Além de "submissão" ao Executivo, aceitando as medidas provisórias os requisitos previstos na Constituição, o senador aponta "inoperância" do Congresso, citando como exemplo a não apreciação de 3.060 vetos presidenciais acumulados por quase 20 anos. Nesse tema, classifica como "ridícula" a tentativa de votar esses atos pendentes em uma tarde - numa estratégia comandada pelo presidente, José Sarney (PMDB-AP), e líderes partidários com o objetivo de apreciar o veto da presidente Dilma Rousseff à nova repartição da receita do petróleo.
Cristovam integra o grupo suprapartidário de senadores que pretendia lançar uma alternativa viável à sucessão de Sarney, mas fracassou. Embora Pedro Taques (PDT-MT) e Randolfe Rodrigues (PSOL-AP) ainda admitam a colegas que podem se disputar, as chances de vitória são consideradas nulas, por falta de articulação.
O senador do PDT questiona o lançamento de um candidato sem chance, apenas para marcar posição. Prefere coletar apoios para um documento cobrando compromissos do próximo presidente com uma profunda reforma na administração, que dê à Casa um "novo rumo".
Na carta aos colegas, Cristovam compara o processo eleitoral da próxima Mesa Diretora, a ser escolhida em 1º de fevereiro, às eleições do passado, comandadas por "coronéis" da política.
"Voltaremos [do recesso] apenas para ratificar o nome, nomeado sem apresentar qualquer proposta que mude o nosso funcionamento. Votaremos como os eleitores que iam às urnas na Primeira República, levando a cédula sem conhecer o nome do candidato escrito nela pelos antigos coronéis de interior", afirma.
A condição de Renan como o candidato do PMDB - partido que tem o direito ao cargo por ter a maior bancada - é conhecida, mas o líder adia a oficialização de sua candidatura, para reduzir o desgaste com a lembrança de processos por quebra de decoro que sofreu e exposição a novas críticas. É exatamente o que está acontecendo com o líder do PMDB na Câmara dos Deputados, Henrique Eduardo Alves (RN). Candidato a presidente daquela Casa, está sofrendo denúncias na mídia.
No documento que está enviando aos senadores, o representante do DF lembra recentes motivos de desgaste da Casa, como a não votação do Orçamento para 2013 e a não definição de novos critérios de rateio do Fundo de Participação dos Estados até 31 de dezembro de 2012, descumprindo determinação do Supremo Tribunal Federal (STF).
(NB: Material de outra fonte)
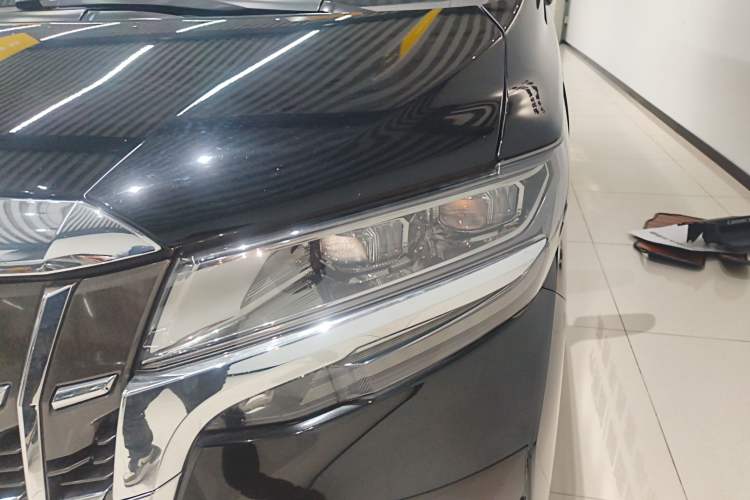 Used Toyota Alphard 2018 Revised Version 3.5L Premium Edition
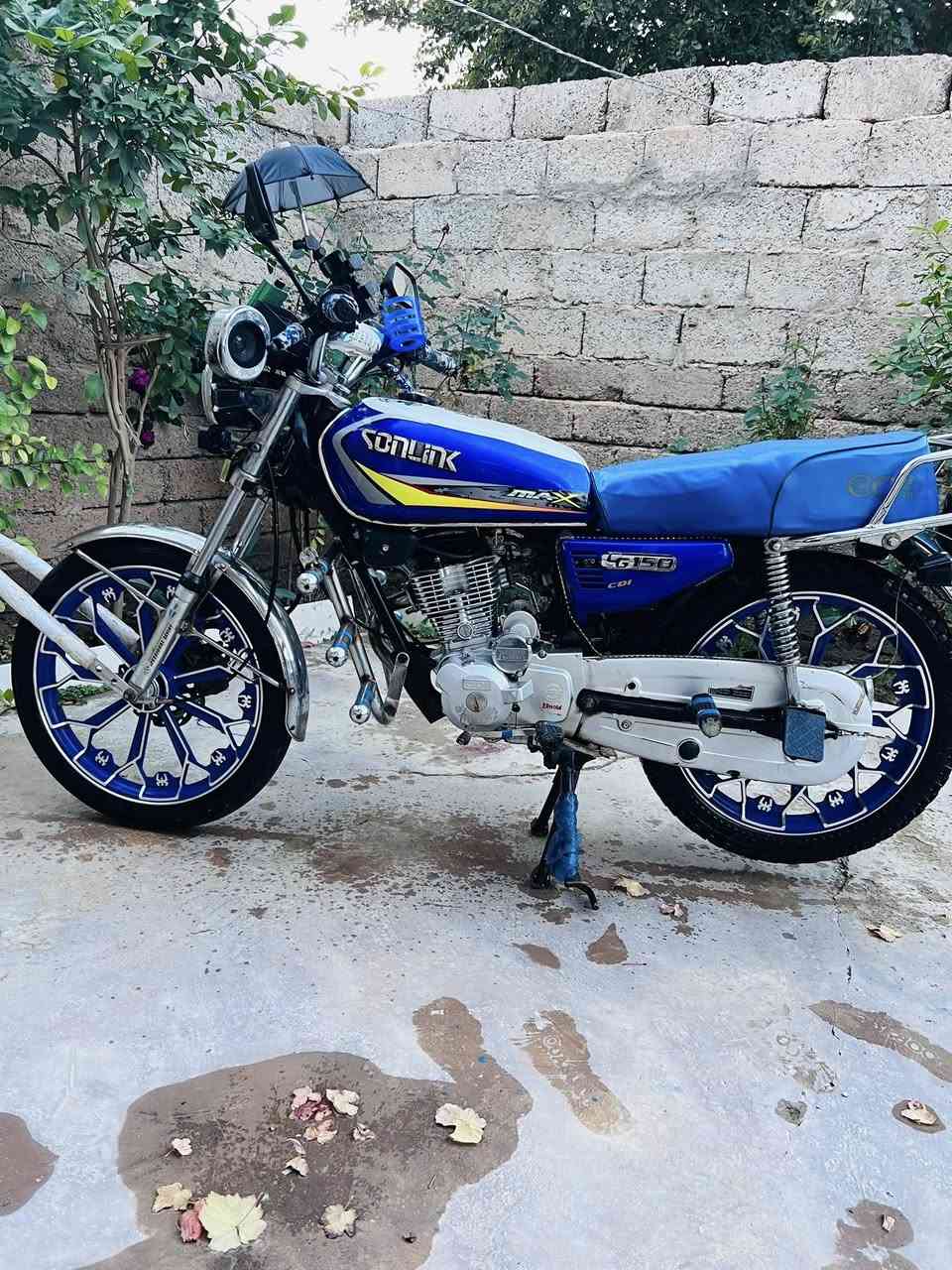 السلام عليكم دراجه سيفان موديل 2020 محدثه 2024دراجه خير من الله ماناقصها شي كلشي شغال وسعر 500 وبيها مجال شي بسيط 
***********
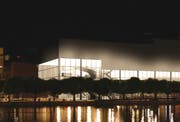 Visualisierung bei Nacht: So könnte das neue Luzerner Theater bei einem Neubau dereinst aussehen. (Bild: PD)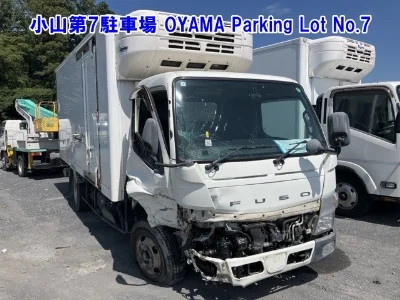 MITSUBISHI CANTER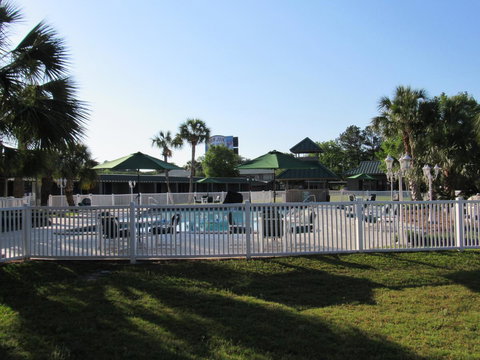 Kinderlou Inn - Renee 10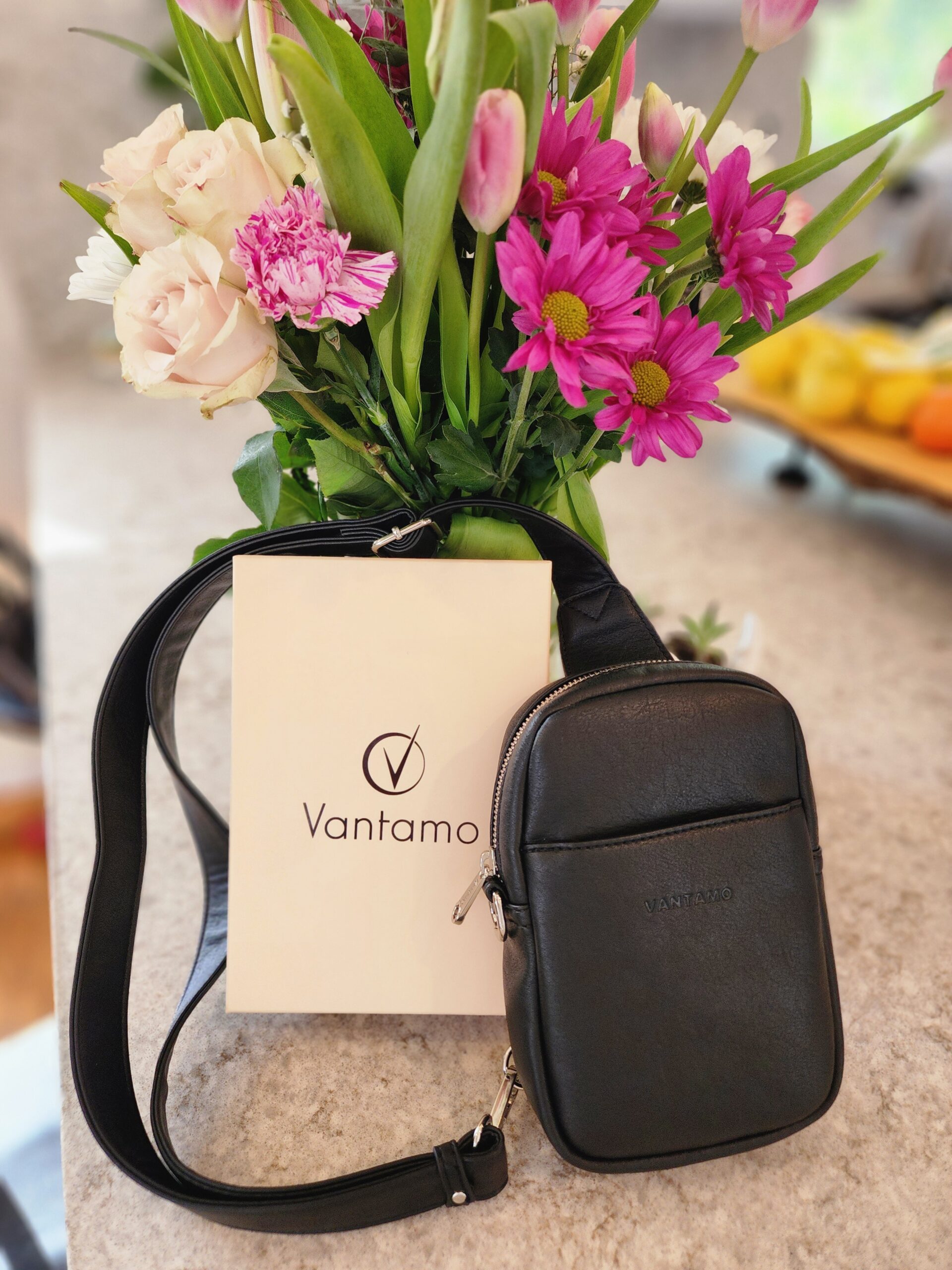 vanamo crossbody bag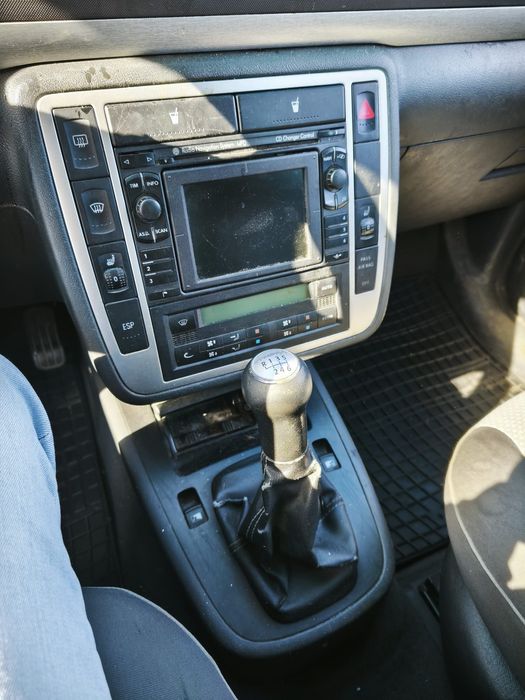 Vand vw sharan model freestyle 7 locuri, motor 2.0TDI , 140CP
O Legislativo jogou "as finanças dos Estados em um abismo", avalia.
Acrescenta o fim "vergonhoso" da CPI do Cachoeira e o "equívoco" cometido pela administração do Senado por não descontar Imposto de Renda de parte do salário dos senadores. Para o representante do DF, a consultoria jurídica do Senado tem feito "análises frágeis" e precisa de uma reforma.
"Tudo isso exige que a eleição de um novo presidente seja feita com debates entre nós senadores para, antes da eleição, sabermos quais as propostas para recuperar a eficiência e a credibilidade do Senado, ajudando a recuperar a de todo o Parlamento", diz Cristovam na carta. Critica a falta de debate de ideias entre os parlamentares, o plenário vazio e os discursos feitos "para a televisão".
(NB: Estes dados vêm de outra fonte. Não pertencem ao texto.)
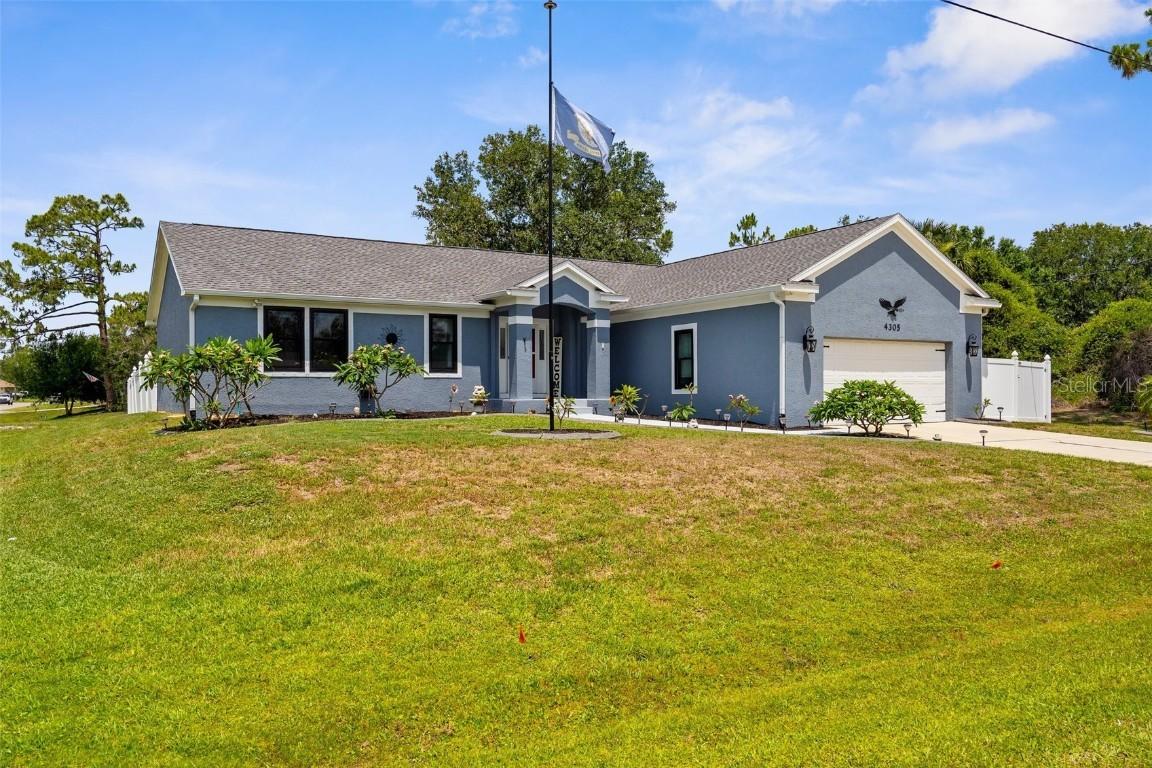 4305 Heyward St., North Port, FL 34291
A primeira sugestão apresentada por Cristovam é a realização de reuniões ordinárias de segunda a sexta, para limpar a pauta de assuntos importantes como os vetos presidenciais, a reforma política, o Código Civil, as reformas no regimento e na estrutura do Senado, as relações com os demais poderes (inclusive como tratar as MPs e como evitar a judicialização da política), o novo Plano Nacional de Educação e a revisão dos critérios de distribuição do Fundo de Participação dos Estados.
Também pede um mecanismo que "impeça o rolo compressor nas votações", reforma da consultoria legislativa para impedir os "erros recentes", manifestação explícita dos votos em comissões e plenário, cumprimento dos prazos regimentais, redução do número de comissões, escolha de relatores por "critérios republicanos pré-definidos", com rodízio entre todos os senadores e criação de um comitê de senadores para acompanhar e fiscalizar as decisões tomadas pelos servidores e pela mesa diretora.
"Este comitê asseguraria total transparência aos processos licitatórios, inclusive com divulgação ampla pela internet de todas as receitas e gastos do Senado, mantendo os senadores permanentemente informados sobre a gestão da Casa", propõe.
Cristovam defende que o próximo presidente garanta o "papel fiscalizador" do Senado, instalando automaticamente todo pedido de comissão parlamentar de inquérito feito pelo número mínimo de senadores, exigido pela Constituição. Essa ideia foi apresentada por Randolfe.
O senador do PDT termina a carta, cujo título é "Uma nova presidência e um novo rumo para o Senado", pedindo sugestões aos colegas para "ajudar a reorientar os rumos" do Legislativo.